**WORK TASK**
With the exception of the pictures, write out the data below precisely.
-- STORED DATA follows --
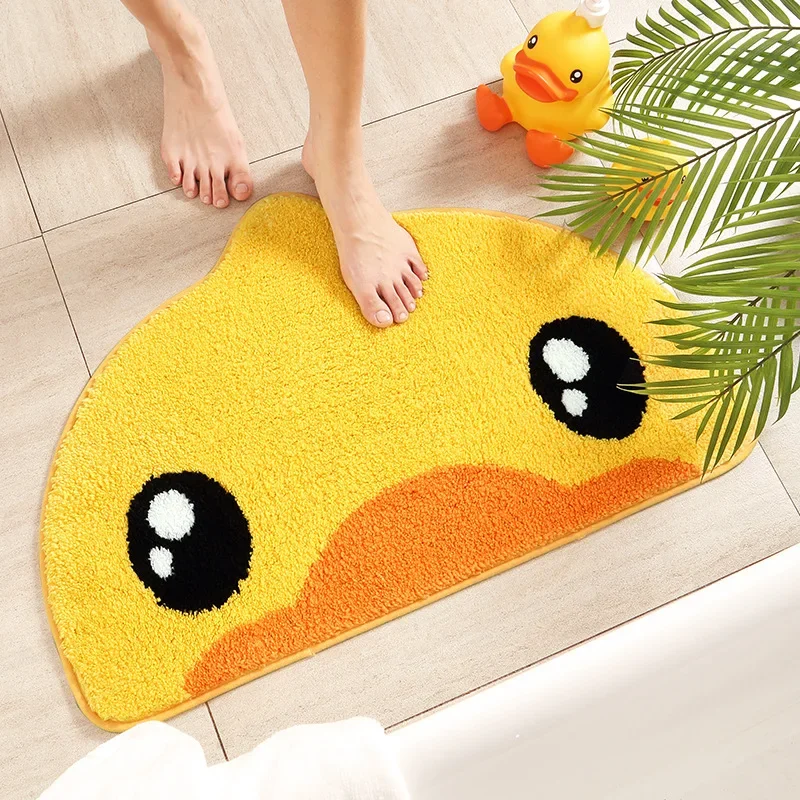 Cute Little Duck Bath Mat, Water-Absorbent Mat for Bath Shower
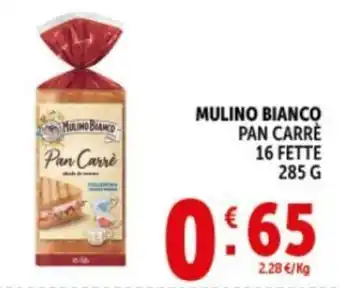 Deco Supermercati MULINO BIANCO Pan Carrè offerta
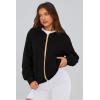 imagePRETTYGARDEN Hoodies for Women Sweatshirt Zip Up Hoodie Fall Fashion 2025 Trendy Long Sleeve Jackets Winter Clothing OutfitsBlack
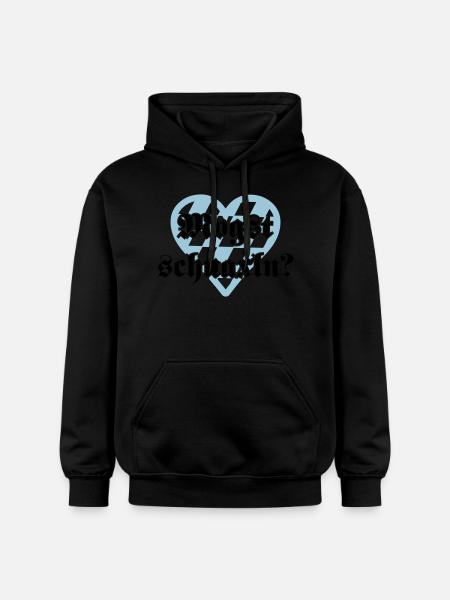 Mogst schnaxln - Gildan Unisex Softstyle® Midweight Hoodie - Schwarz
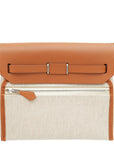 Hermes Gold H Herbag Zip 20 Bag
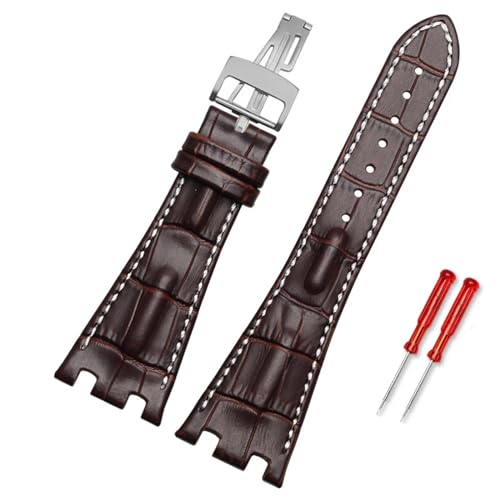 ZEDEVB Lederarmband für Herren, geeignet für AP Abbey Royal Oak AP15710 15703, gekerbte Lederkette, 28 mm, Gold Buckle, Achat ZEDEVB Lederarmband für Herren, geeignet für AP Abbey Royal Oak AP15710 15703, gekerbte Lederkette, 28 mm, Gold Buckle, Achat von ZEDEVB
-- STORED DATA concluded --
**PROBLEM SOLUTION**
 Cute Little Duck Bath Mat, Water-Absorbent Mat for Bath Shower
 Deco Supermercati MULINO BIANCO Pan Carrè offerta
 imagePRETTYGARDEN Hoodies for Women Sweatshirt Zip Up Hoodie Fall Fashion 2025 Trendy Long Sleeve Jackets Winter Clothing OutfitsBlack
 Mogst schnaxln - Gildan Unisex Softstyle® Midweight Hoodie - Schwarz
 Hermes Gold H Herbag Zip 20 Bag
 ZEDEVB Lederarmband für Herren, geeignet für AP Abbey Royal Oak AP15710 15703, gekerbte Lederkette, 28 mm, Gold Buckle, Achat ZEDEVB Lederarmband für Herren, geeignet für AP Abbey Royal Oak AP15710 15703, gekerbte Lederkette, 28 mm, Gold Buckle, Achat von ZEDEVB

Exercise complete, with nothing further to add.